L'arrière-grand-père, touché par une vocation tardive, devint pasteur luthérien dans la région de Poznan en un temps de germanisation active. Mais, philosophe lecteur de Nietzsche, il ne trouva pas de satisfaction dans cette aventure, quitta cette charge et entreprit de rédiger un ouvrage qui devait s'intituler Règlement de comptes avec Dieu. Le goût pour le débat d'idées l'amena aussi à l'histoire de la littérature et à l'écriture d'essais, tout en fréquentant de célèbres intellectuels juifs (Martin Buber, Gershom Sholem, Walter Benjamin...). Philosémite, il s'apprêtait à fonder avec eux une revue culturelle lorsqu' éclata la guerre en 1914. Voilà donc cet homme, qu'Anne Weber appelle non pas « Florens Christian Rang » mais « Sanderling », comme « le bécasseau qu' [elle a] souvent vu courir au bord de l'eau, avançant et reculant au gré du ressac » puisqu'en effet cet homme a fort varié dans sa vie.
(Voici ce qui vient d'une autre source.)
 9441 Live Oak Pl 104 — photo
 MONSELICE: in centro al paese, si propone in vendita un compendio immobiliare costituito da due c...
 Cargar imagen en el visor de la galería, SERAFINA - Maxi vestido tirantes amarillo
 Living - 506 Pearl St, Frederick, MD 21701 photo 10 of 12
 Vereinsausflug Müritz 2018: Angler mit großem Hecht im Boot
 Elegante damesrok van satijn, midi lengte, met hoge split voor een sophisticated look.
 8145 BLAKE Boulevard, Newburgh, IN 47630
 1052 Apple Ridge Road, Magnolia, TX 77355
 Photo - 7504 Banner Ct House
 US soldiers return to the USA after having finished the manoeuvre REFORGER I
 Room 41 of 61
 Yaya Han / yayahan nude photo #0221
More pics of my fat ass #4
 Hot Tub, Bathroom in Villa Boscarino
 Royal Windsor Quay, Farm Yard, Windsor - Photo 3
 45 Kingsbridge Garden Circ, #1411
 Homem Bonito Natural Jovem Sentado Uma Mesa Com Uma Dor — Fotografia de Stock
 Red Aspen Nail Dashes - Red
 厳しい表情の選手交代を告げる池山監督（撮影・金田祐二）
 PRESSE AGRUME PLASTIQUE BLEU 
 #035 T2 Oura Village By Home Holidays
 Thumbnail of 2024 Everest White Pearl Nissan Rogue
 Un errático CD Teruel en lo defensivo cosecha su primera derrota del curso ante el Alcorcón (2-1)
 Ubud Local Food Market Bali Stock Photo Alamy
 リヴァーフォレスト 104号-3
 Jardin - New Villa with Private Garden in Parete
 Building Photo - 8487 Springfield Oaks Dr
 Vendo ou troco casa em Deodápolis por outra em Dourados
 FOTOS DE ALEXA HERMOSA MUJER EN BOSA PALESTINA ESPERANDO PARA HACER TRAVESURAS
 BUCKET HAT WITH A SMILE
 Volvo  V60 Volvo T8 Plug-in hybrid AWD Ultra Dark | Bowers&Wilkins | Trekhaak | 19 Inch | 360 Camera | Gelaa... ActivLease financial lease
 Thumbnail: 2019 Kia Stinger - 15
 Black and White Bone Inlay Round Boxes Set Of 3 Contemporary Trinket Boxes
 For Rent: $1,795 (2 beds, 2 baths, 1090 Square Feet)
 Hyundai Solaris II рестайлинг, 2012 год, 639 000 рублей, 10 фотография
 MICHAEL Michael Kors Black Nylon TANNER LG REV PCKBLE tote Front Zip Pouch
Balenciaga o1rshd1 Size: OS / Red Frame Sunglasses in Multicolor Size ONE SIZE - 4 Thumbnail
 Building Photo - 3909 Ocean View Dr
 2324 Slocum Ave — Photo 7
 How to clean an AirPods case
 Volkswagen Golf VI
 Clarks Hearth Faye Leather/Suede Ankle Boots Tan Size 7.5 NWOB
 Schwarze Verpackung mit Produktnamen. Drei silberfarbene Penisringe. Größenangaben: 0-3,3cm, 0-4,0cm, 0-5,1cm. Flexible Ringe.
Le récit le montre effectivement comme un patriote prussien arrogant — tel von Kleist à qui il consacra un essai — jusqu'à ce que l'un de ses fils soit tué sur le front en Champagne en 1915. La paix revenue, il souhaitera dans un livre publié en 1924, Deustche Bauhütte, que l'Allemagne s'engage dans la voie de la réconciliation et participe à la reconstruction de la France.

Mais ce qu'Anne Weber tend à retenir au point d'en faire un leitmotiv — toute à son inquiétude de trouver une explication de l'engagement nazi du grand-père — c'est une réflexion de Sanderling visitant près de Poznan un hôpital psychiatrique et demandant à un interne au milieu des malades mentaux : « Pourquoi n'empoisonnez-vous pas ces gens ?» Quand on sait que le III° Reich commença par gazer et brûler les malades mentaux avant d'entreprendre d'exterminer les Juifs, il vous vient l'hypothèse que le ver était déjà dans le fruit avant même l'échec de la république de Weimar.

Des fils de Sanderling, celui donc qui est le grand-père de l'auteure rejoindra effectivement les SA en 1934 — au prétexte de conserver sa position sociale et professionnelle —, puis le NSDAP et finalement les SS. Il leur rédigera des rapports sur les publications de divers auteurs, tout en habitant avec femme et enfants dans un immeuble dont les SS occupaient le rez-de-chaussée. Ce même grand-père, « devenu très croyant » après la guerre, après les séances de dénazification, rejettera sa petite-fille... Bonjour l'ambiance !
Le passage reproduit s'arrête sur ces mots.